SUMMARY OF THE INVENTION

The object of the present invention is a biomaterial based on nanofibrous layers, which consists in that it consists of nanofibrous layer covered on one side by living cells, which

2o are functionally polarized, wherein the nanofibrous layer consists of synthetic polymers or copolymers of monomers selected from the group comprising esters of methacrylic acid, methacrylic acid amides, urethanes, vinyl alcohol and monomers derived from lactic acid and its derivatives.
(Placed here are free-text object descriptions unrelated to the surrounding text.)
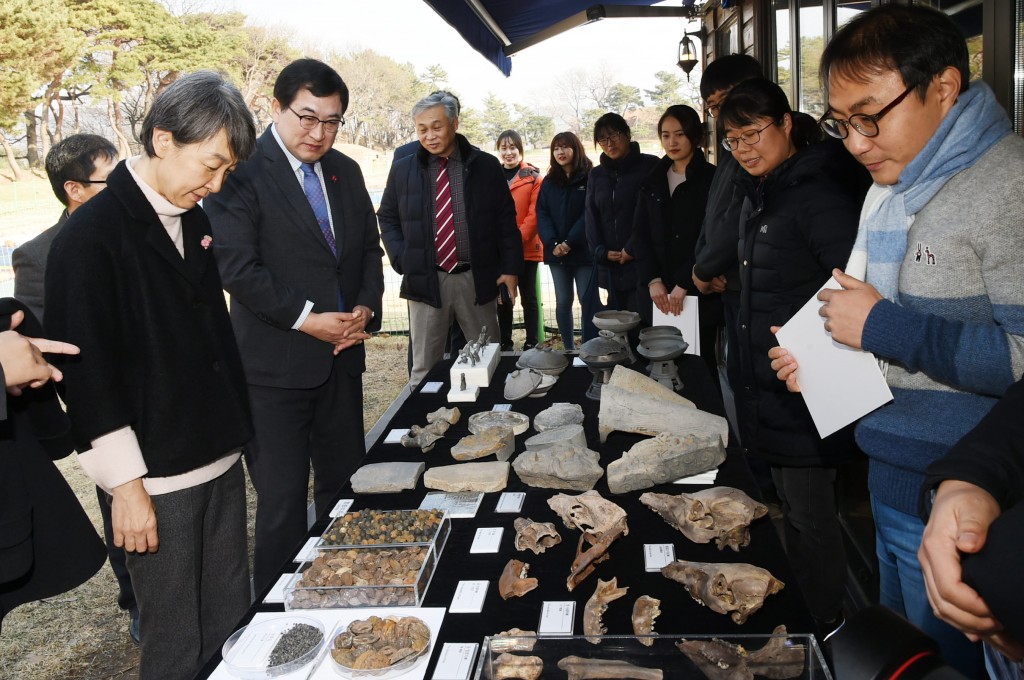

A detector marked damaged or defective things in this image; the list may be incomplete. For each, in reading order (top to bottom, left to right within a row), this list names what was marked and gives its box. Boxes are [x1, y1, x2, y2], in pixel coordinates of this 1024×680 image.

broken pottery vessel [598, 366, 724, 446]
broken pottery vessel [419, 458, 507, 491]
broken pottery vessel [452, 426, 516, 462]
broken pottery vessel [509, 444, 602, 491]
broken pottery vessel [606, 436, 729, 493]
broken pottery vessel [516, 518, 565, 557]
broken pottery vessel [643, 485, 765, 548]
broken pottery vessel [499, 557, 540, 602]
broken pottery vessel [585, 577, 622, 643]
broken pottery vessel [630, 593, 663, 647]
broken pottery vessel [659, 561, 778, 622]
broken pottery vessel [675, 622, 802, 680]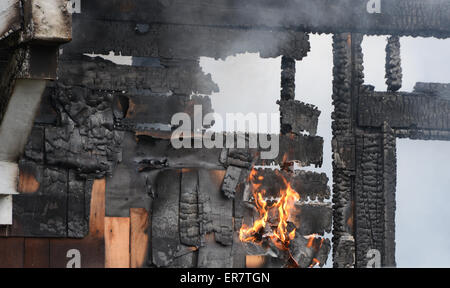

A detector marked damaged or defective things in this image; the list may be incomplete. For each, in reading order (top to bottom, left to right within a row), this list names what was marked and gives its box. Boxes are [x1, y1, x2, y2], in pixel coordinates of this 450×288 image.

burnt wooden beam [78, 0, 450, 37]
charred support post [384, 36, 402, 91]
burnt wooden beam [358, 90, 450, 130]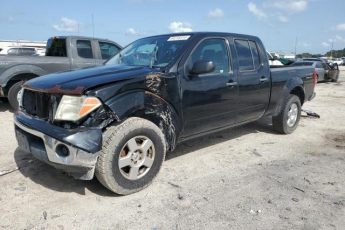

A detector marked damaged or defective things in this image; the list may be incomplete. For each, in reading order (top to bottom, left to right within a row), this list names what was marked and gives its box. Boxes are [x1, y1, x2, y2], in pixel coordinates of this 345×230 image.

crumpled hood [24, 64, 153, 95]
damaged front bumper [13, 111, 102, 180]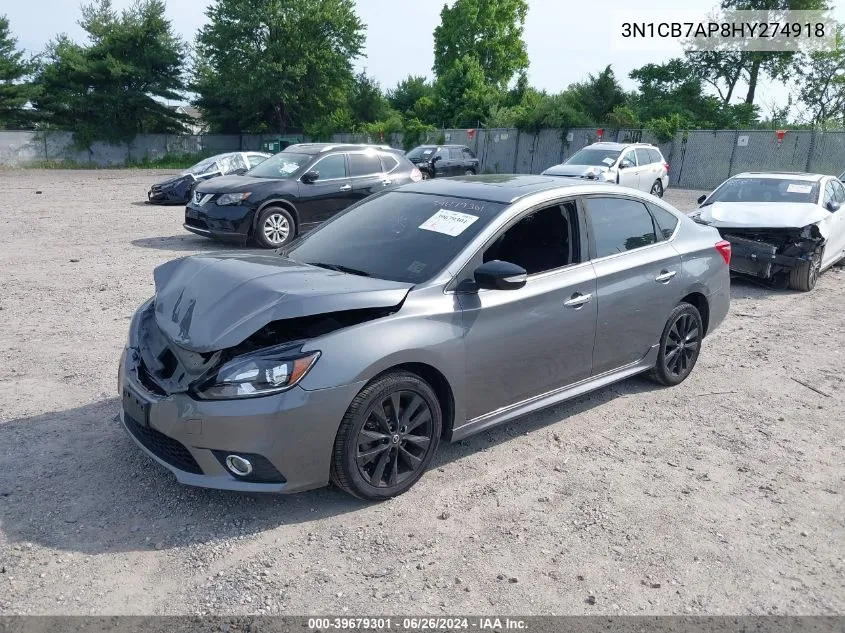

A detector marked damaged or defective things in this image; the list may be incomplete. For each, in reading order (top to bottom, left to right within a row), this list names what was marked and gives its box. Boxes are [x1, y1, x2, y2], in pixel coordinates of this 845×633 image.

crumpled hood [696, 202, 828, 230]
white damaged car [692, 173, 844, 292]
crumpled hood [155, 252, 416, 350]
damaged front bumper [116, 302, 362, 494]
broken headlight [195, 348, 320, 398]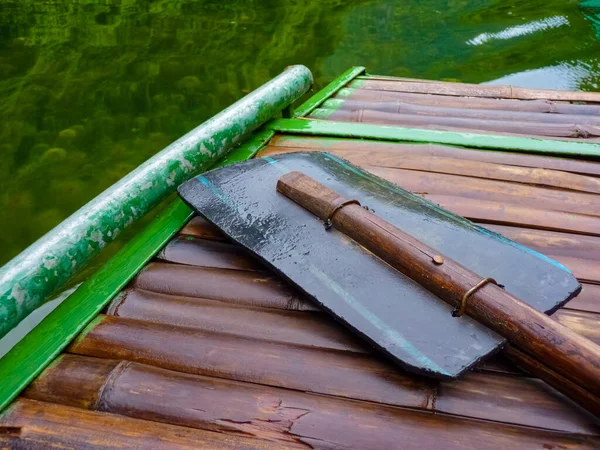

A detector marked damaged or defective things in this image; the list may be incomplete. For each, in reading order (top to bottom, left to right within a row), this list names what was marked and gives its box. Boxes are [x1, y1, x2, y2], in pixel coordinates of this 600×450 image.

peeling green paint [0, 63, 312, 338]
peeling green paint [268, 118, 600, 158]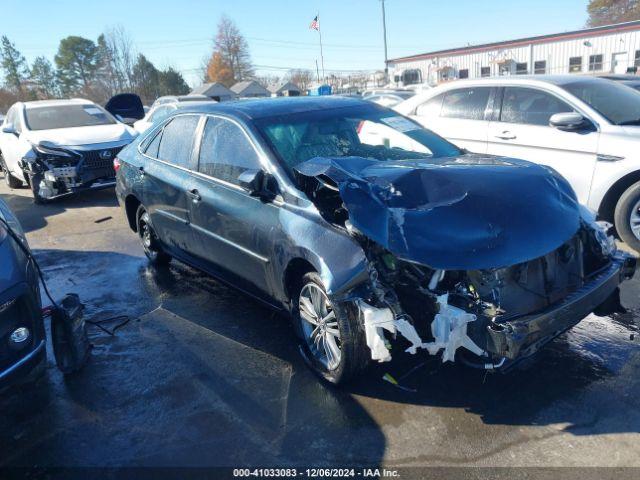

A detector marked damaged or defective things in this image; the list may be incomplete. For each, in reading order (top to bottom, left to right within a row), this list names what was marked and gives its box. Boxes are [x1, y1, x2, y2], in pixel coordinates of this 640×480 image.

crushed front end [19, 141, 127, 201]
crumpled hood [23, 123, 135, 147]
severely damaged sedan [115, 96, 636, 382]
crumpled hood [298, 154, 584, 270]
deployed airbag [298, 155, 584, 270]
shattered plastic [298, 156, 584, 272]
crushed front end [298, 156, 636, 370]
damaged bumper [484, 253, 636, 362]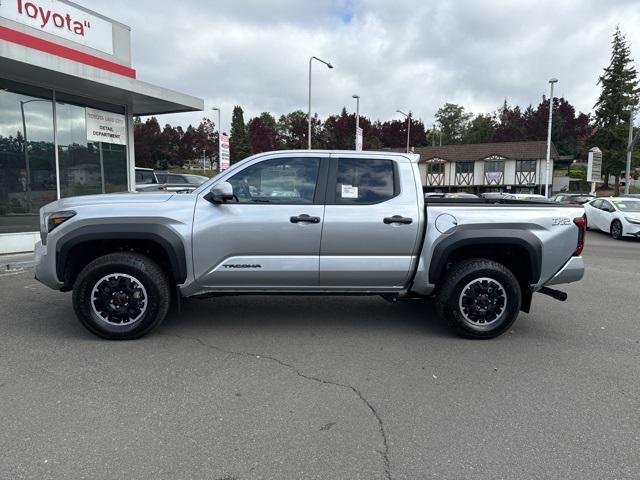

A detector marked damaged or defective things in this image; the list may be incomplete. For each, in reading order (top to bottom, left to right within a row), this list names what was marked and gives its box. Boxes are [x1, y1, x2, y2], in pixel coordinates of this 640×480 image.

cracked pavement [1, 231, 640, 478]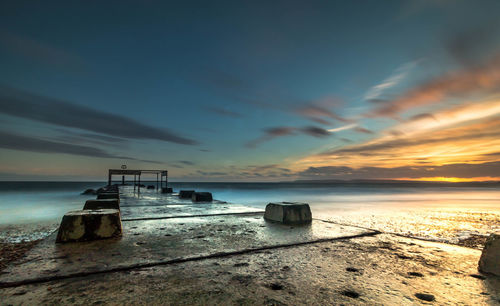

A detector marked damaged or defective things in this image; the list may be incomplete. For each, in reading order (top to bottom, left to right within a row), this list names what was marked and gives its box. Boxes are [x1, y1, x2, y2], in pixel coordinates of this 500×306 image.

crack in concrete [0, 232, 378, 290]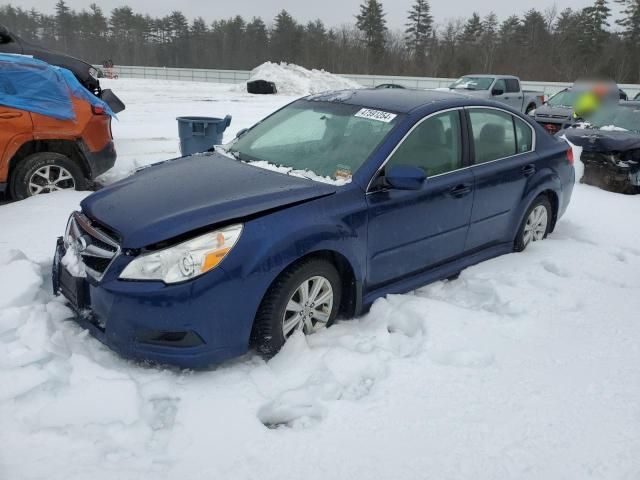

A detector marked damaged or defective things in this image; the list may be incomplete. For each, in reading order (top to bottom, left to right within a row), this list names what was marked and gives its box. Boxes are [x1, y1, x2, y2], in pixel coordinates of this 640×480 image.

crumpled hood [560, 127, 640, 152]
crumpled hood [82, 154, 338, 249]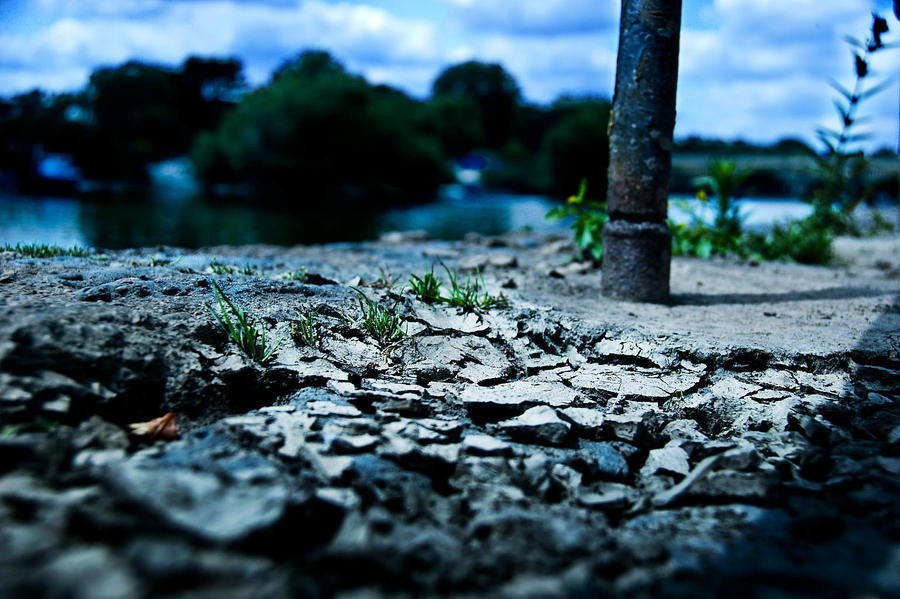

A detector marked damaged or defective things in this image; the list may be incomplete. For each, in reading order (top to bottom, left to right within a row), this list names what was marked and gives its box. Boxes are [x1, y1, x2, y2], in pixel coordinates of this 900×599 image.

rusty pole base [600, 220, 672, 304]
It is a feature of the biomaterial according to the present invention that the nanofiber layer is non-woven.

Preferably, the monomers are selected from the group consisting of 2-hydroxyethyl methacrylate, 2-ethoxyethyl methacrylate and 2-hydroxypropyl methacrylamide.

It is a feature of the invention that the cells are selected from the group consisting of connective tissue cells, epithelial cells, parenchymatous organ cells, and mesenchymal stem cells derived from bone marrow or adipose tissue. Preferably, the cells are selected from the group consisting of chondrocytes, fibroblasts, hepatocytes and mesenchymal stem cells derived from bone marrow or adipose tissue.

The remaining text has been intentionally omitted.